Real time payments demand more than faster transactions. IT teams must overhaul legacy systems, adopt APIs and strengthen compliance to support instant settlement.
Executive Summary
- IT leaders must support 24/7 availability, low-latency processing, APIs and event-driven architecture to handle instant payment settlement.
- Real time payments demand continuous monitoring, adaptive authentication and automated risk controls to detect unusual patterns and stop fraud.
- CIOs must integrate or replace batch-based systems, align governance across business and risk teams and prepare platforms to support networks such as FedNow Service.
Real time payments (RTP) are electronic payments that move money from one bank account to another almost instantly through electronic transfer processes running 24/7 year-round.

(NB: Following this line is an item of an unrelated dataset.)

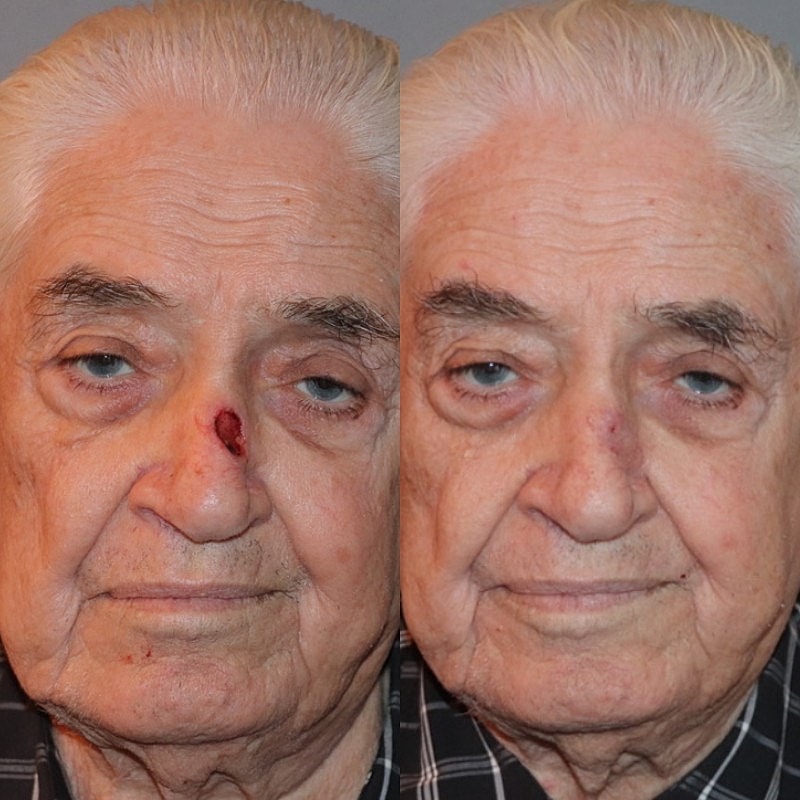 Mohs Before & After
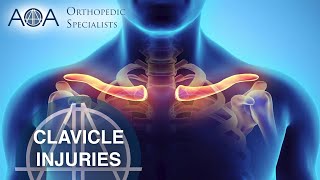 AOA Orthopedic Specialists  Clavicle Injuries [upl. by Ainekahs]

The benefits are obvious. Once processed, these payments are typically final, so both payer and payee know the money has been moved. Funds are then immediately available to the recipient. Payments can also be made any time, including nights, weekends and holidays. Both parties receive instant confirmation that the transfer has been completed and funds have been credited. Modern RTP rails use strong authentication, encryption and fraud controls to protect payments.
Even though it appears that companies such as PayPal, eBay, and Amazon take money immediately, the funds are often settled a few hours later.

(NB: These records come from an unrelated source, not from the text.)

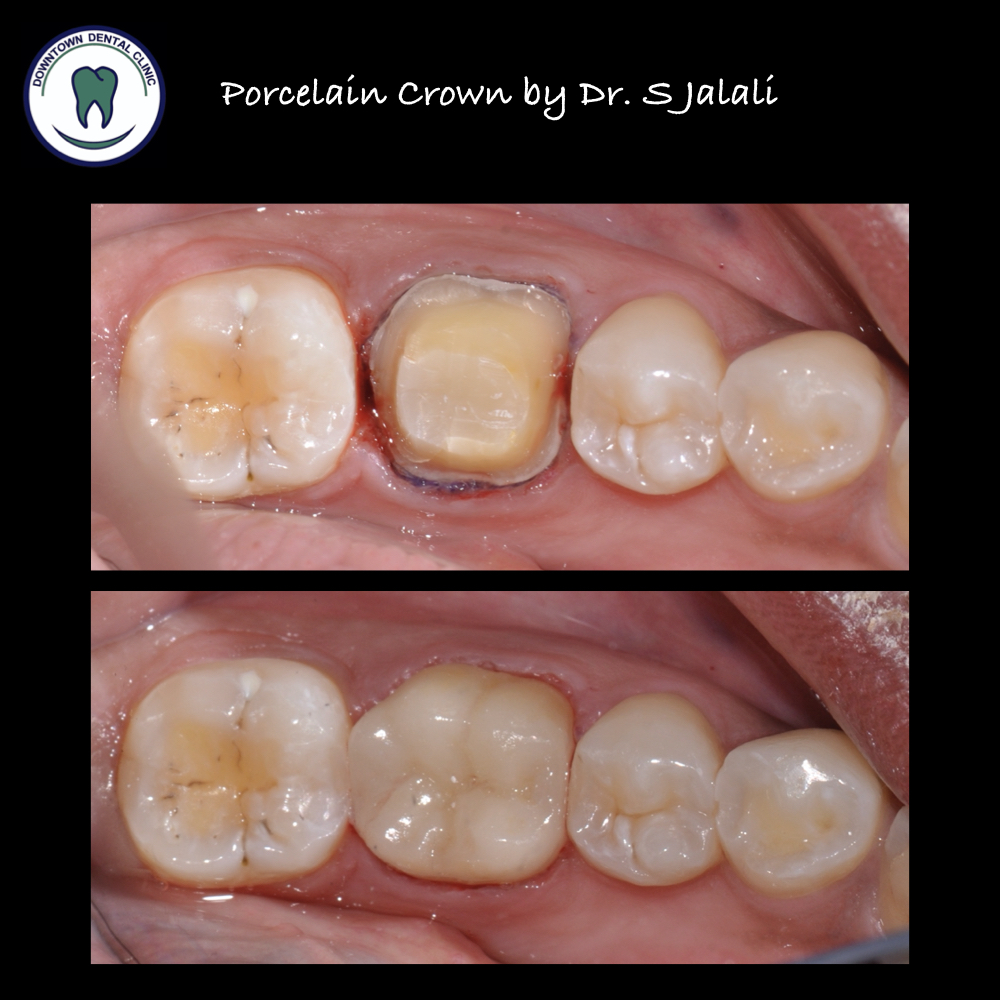 Porcelain Crowns .003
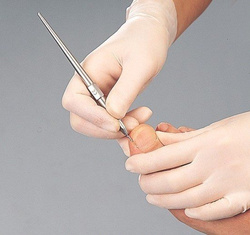 Dłutko podologiczne RUCK® rozm. 2 mm, 20 szt.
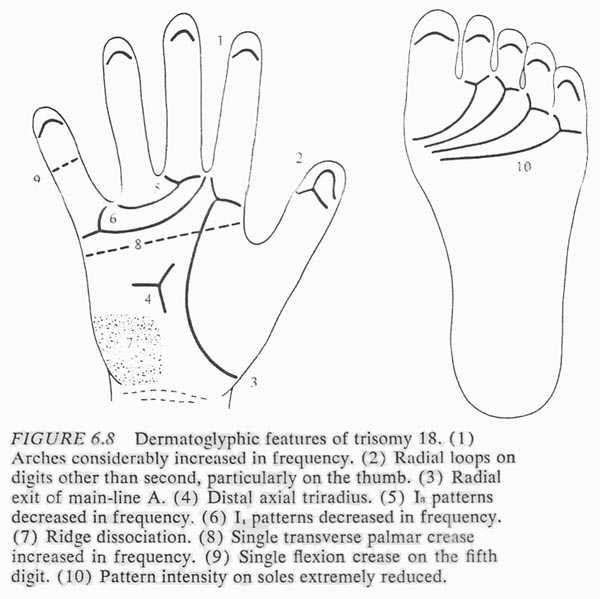 Typical hand characteristics in Edwards syndrome.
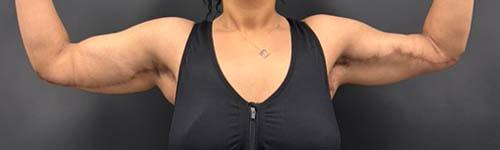 Arm Lift after at Ogilvie Plastic Surgery in Chicago, IL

There is room for RTP to replace B2B payments such as ACH, checks, wires, and other non-instant rails, including batch or delayed processing. Deloitte predicts real time payments could replace nearly $18.9 trillion in ACH and check-based B2B payments in the U.S. alone by 2028.
FedNow, an instant payment infrastructure built and operated by the Federal Reserve, helps expedite RTP's growth. It allows banks and credit unions of all sizes to offer customers real time payments, with funds available to the recipient immediately.
FedNow adoption remains small relative to the U.S. payments system. It launched in 2023 with approximately 1,000 banks and credit unions participating and has grown to more than 1,600 participants as of February 2026. The number of eligible banks is over 4,000, so it has a way to go. In its launch year, FedNow processed about 47,000 payments. By 2025, FedNow increased payments to 8.4 million.
Other RTP Networks include the RTP Network from The Clearing House, Visa Direct and Mastercard Send, as well as Zelle and various bank- and fintech-based instant payouts.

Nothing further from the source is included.